Hello everyone, I am now a baby chick mom and I cannot express how happy I am with this adventure. 
First of all, I thank all of you who are posting info to us new chick raising parents! Everyone has been so helpful.

I'll start with, the coop I got came with beautiful 1 year old laying hens 3 of them, one speckled white and black and 2 speckled black And almost maroon. Anyone know what kind they are? 

I wasn't expecting to find hens so the same day I got 4 baby chicks at Bomgaars. I think they are one each of leg horn, black angopalosa (if that's the right name) 2 different bread of red Sussex one has stripped wings one has light wings. 


do have a few questions.... 

1 am I going to have trouble when they all go to the big coop together? 

2 i have dogs that are kind of being jerks to the big hens. Any suggestion on introducing them or should thru just never be around each other...i have house dogs And backyard city chickens. 

3 the ground where I would like my coop has river rock, the goal is to let then roam around the yard all day. Will the rocks be bad for there little feet? If they can roam all day in the dirt gravel and bark areas... my back yard is zero scape

4 I feel like I'm feeding the big hens all day they Just dump the food trough over and over.
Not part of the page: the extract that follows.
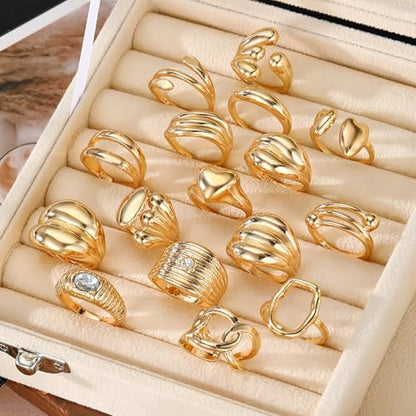 17IF 16 Pcs Chunky Gold Rings Set for Women, 14K Gold Plated | Classic Thick Adjustable Rings, Stackable Midi Finger Womens Stack Ring Pack for Jewelry Gifts - style: Golden-B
Should I get a different one? 

5 can I over handle baby chicks or the big hens? The big girls were raised with children so they let me hold them and love on them for a few min..i want to hold the baby chicks all day.... is this bad for them? 

6 I hear table scraps are good treats for the chickens I'm researching what is good and what not to give but can the babies have some too or should I wait till they go with the big girls?
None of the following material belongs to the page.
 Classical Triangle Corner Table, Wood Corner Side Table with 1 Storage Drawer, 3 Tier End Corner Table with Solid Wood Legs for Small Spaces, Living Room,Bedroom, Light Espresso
7 do chickens get board? Should I get or make chicken toys? I'm worried about yard destructiveness and if they need activities to detour them from trashing the yard

O.k. o think that's all right now. 

On a side note I think they are all happy according to other posts on this forum. I appreciate all of you who have input!


----------



## chickenqueen (Jan 9, 2016)

Wow,that's a list!!!First off.welcome to the forum and the wonderful world of chickens!!!!Let's see if I can answer a few of those questions.There probably won't be a problem introducing the new and the old if you do it gradually.Let the chicks get to be about 3 mos before trying.That way they are a little bigger and can take the bullying of the older hens.There will always be a pecking order and you have to let them work it out on their own, just watch that none are picked on to the point they receive injuries,then you may have to separate and try again at a later date.They can walk on a lot of surfaces but make sure they can't get their legs caught,leg injuries are very common and it doesn't take much to injure their legs.Get a hanging feeder for the adults.They can't knock it over and it discourages rodents.Handle your chickens all you like.Some like it,some don't but it keeps them tame in case you need to catch one while they are free-ranging.As for feeding scraps I wait until they are 3 mos old(my magic number) before introducing new food.You need to let their digestive system mature and provide grit which they all need to properly digest food.They can get bored but it's more of a problem for penned chickens.As for the dogs,break them now or you may have chicken killers.Some dogs don't bother chickens,some do.Maybe someone will have a suggestion on how to do it.Do you lock your chickens up at night?If not,you should.There are all kinds of resourceful predators looking for an easy meal.Hope this helps..... ​


----------



## seminole wind (Aug 22, 2015)

Hi and welcome! I think reading and owning are two different things, LOL
1. you shouldn't have trouble if they have enough room and the new ones are close to the size of the hens.
2. I don't mix dogs and chickens. I had a chicken killer dog. That's probably why. I also had a chicken killing mule.
3. Chickens can deal with gravel and stuff.
4 I can't answer that for others. My chickens have always had chamber pots and almost never spill even a pellet. I have 6 chamber pots right now in use.
5. Hold the chickens all you want.
6 I don't give treats to chicks until they are 3 or more months old. I think it's important to let only chick feed grow them up with proper nutrition. With my hens, they can eat whatever I eat.
7. Chickens that free range don't get bored. They just scratch and peck all day. The simple life!


----------



## Cassiy (May 14, 2017)

I am looking to get some new chicks. Can anyone reccomend some breeds?


----------



## seminole wind (Aug 22, 2015)

The sky is the limit. What do you want them for? Do you want different color eggs? Other than that try to narrow down the field by your preferences and go from there.


----------